- **Entries supplied**

_ _ _ _ _ _ _

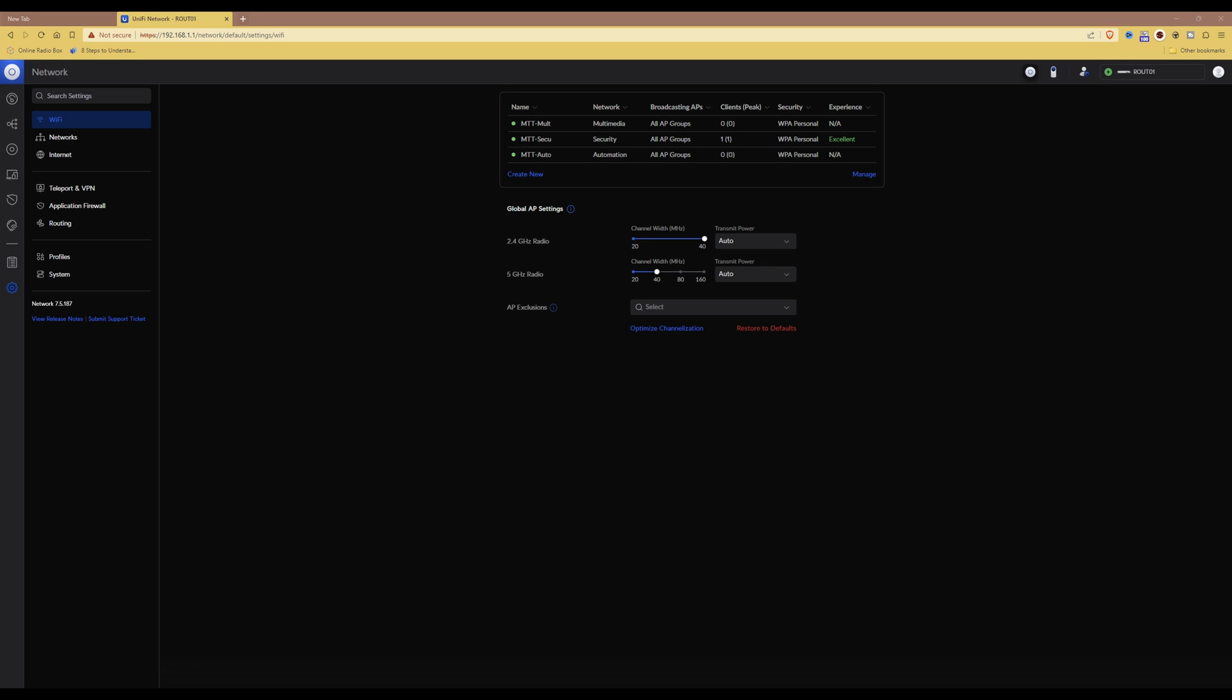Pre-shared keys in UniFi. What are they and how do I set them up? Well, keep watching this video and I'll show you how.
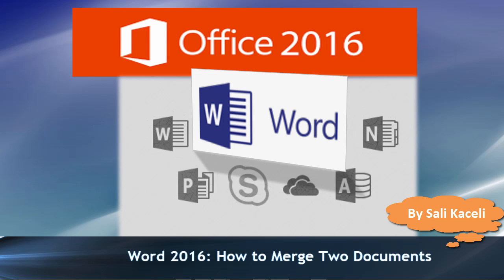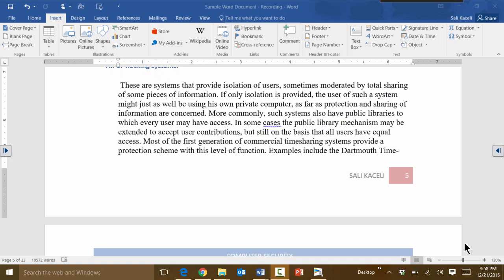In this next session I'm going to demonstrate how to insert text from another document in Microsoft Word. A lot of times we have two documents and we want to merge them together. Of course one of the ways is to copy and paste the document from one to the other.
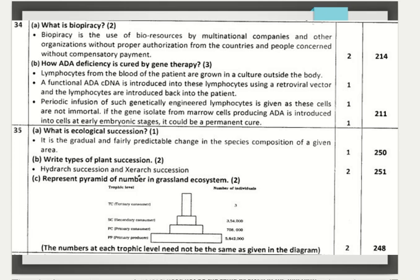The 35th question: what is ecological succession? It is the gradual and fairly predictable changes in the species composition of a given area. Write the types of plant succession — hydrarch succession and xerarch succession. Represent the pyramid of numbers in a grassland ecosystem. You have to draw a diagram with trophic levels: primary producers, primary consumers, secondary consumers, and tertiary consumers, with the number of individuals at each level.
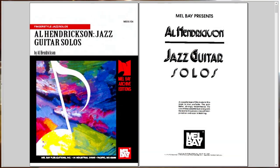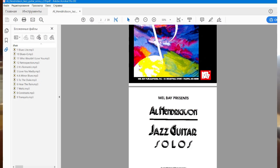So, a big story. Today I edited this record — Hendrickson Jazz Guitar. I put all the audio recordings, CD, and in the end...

_ _ _ _ _ _ _

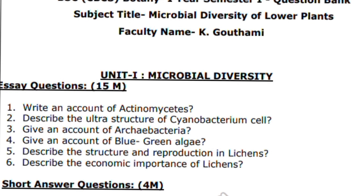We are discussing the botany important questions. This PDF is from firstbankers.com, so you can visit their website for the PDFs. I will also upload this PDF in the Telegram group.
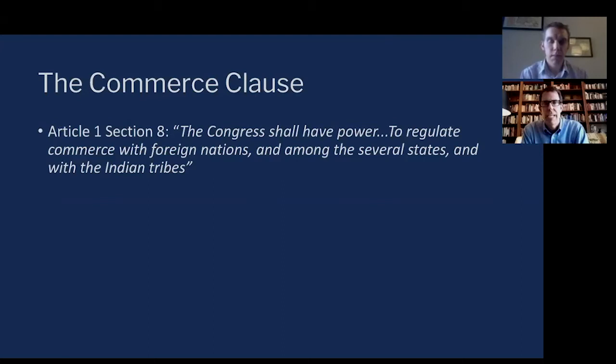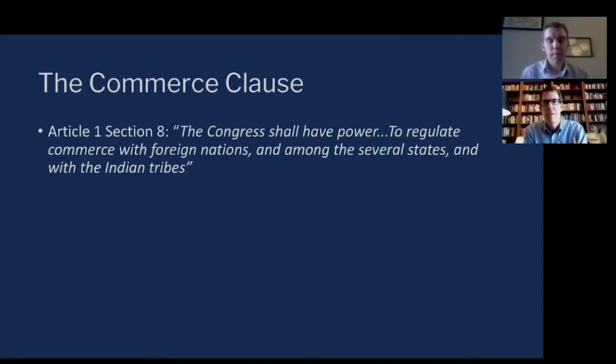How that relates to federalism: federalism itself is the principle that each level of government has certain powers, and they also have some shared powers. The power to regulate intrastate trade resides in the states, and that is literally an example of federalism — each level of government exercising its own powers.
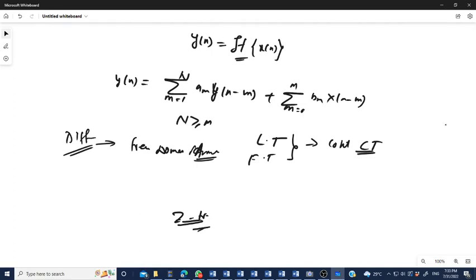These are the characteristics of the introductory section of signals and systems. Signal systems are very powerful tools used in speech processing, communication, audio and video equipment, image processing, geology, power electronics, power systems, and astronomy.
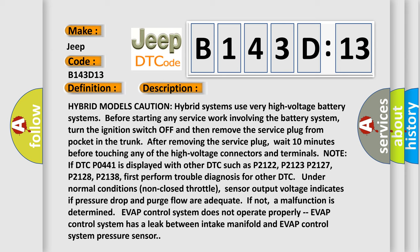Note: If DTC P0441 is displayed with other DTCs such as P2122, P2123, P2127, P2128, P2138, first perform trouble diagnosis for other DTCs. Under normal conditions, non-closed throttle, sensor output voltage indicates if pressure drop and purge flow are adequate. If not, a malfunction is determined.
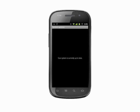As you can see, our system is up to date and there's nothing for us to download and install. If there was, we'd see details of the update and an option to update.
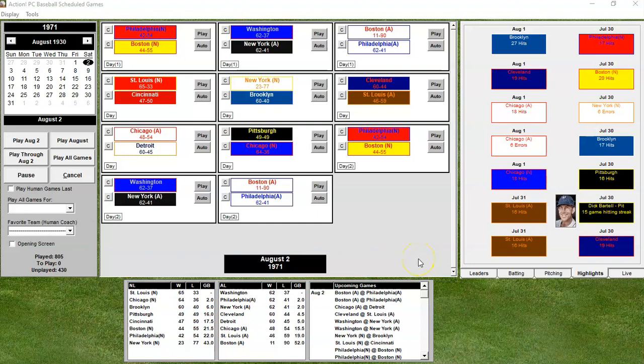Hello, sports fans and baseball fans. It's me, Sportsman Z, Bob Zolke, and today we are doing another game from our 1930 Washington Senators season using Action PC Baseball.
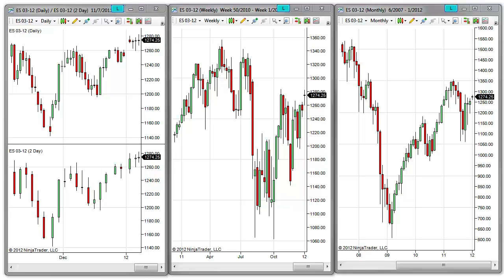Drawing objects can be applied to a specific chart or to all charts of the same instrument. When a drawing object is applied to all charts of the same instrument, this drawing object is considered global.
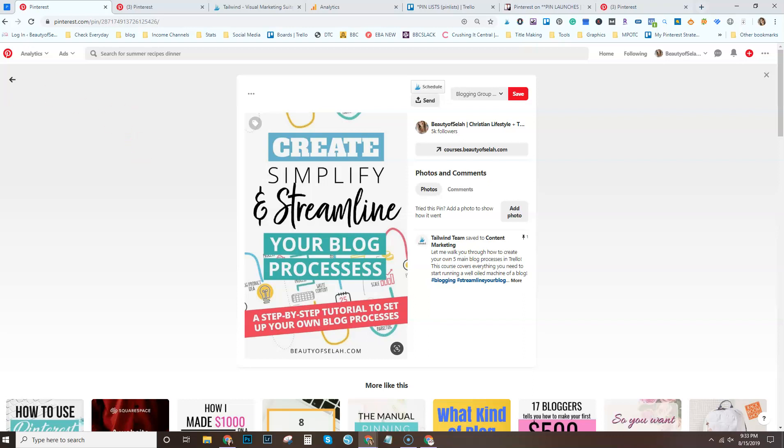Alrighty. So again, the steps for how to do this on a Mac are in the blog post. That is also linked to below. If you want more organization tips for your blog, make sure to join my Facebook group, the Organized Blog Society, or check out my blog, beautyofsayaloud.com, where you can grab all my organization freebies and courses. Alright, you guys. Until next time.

_ _ _ _ _ _ _

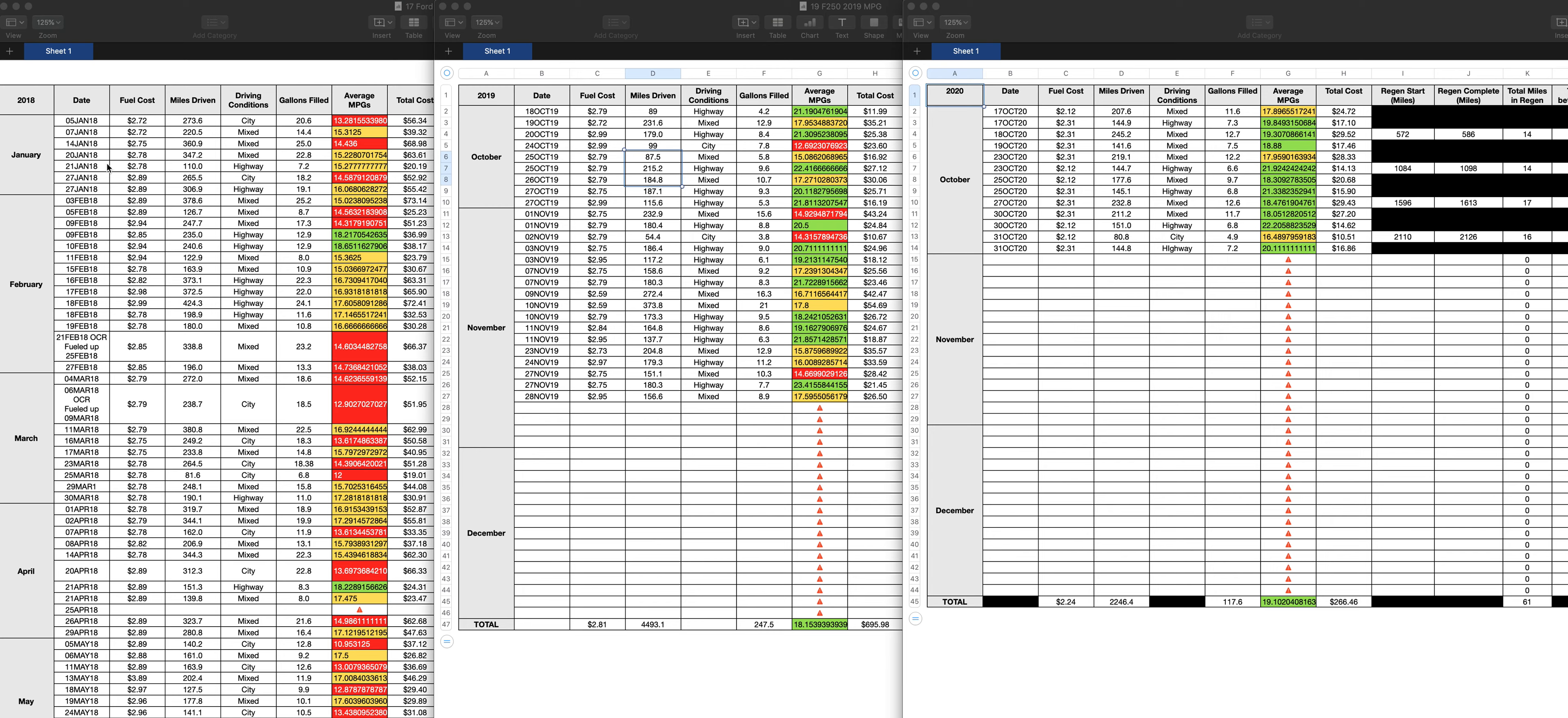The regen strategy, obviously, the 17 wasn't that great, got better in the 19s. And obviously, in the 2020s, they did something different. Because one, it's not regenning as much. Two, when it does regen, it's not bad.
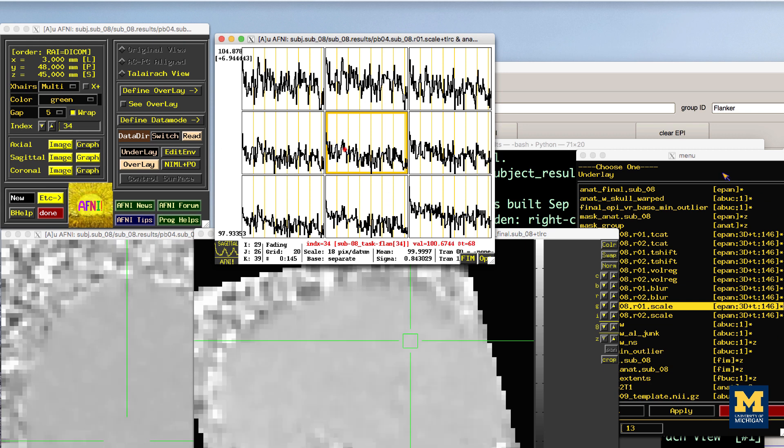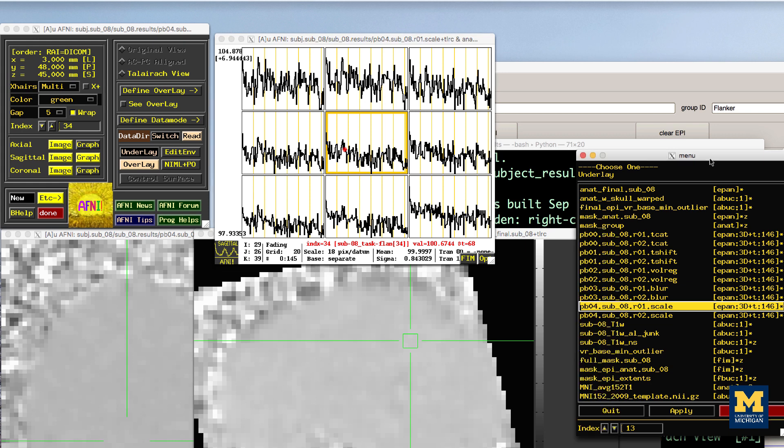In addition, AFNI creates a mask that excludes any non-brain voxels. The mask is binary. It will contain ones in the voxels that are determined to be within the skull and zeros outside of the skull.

_ _ _ _ _ _ _

- **Exercise aim**
Using the data above, output the line that has "The 35th question: what", the line that has "So, a big story.", and whatever lines fall between, each exactly as it stands and without pictures.

- **Written answer**
The 35th question: what is ecological succession? It is the gradual and fairly predictable changes in the species composition of a given area. Write the types of plant succession — hydrarch succession and xerarch succession. Represent the pyramid of numbers in a grassland ecosystem. You have to draw a diagram with trophic levels: primary producers, primary consumers, secondary consumers, and tertiary consumers, with the number of individuals at each level.
So, a big story. Today I edited this record — Hendrickson Jazz Guitar. I put all the audio recordings, CD, and in the end...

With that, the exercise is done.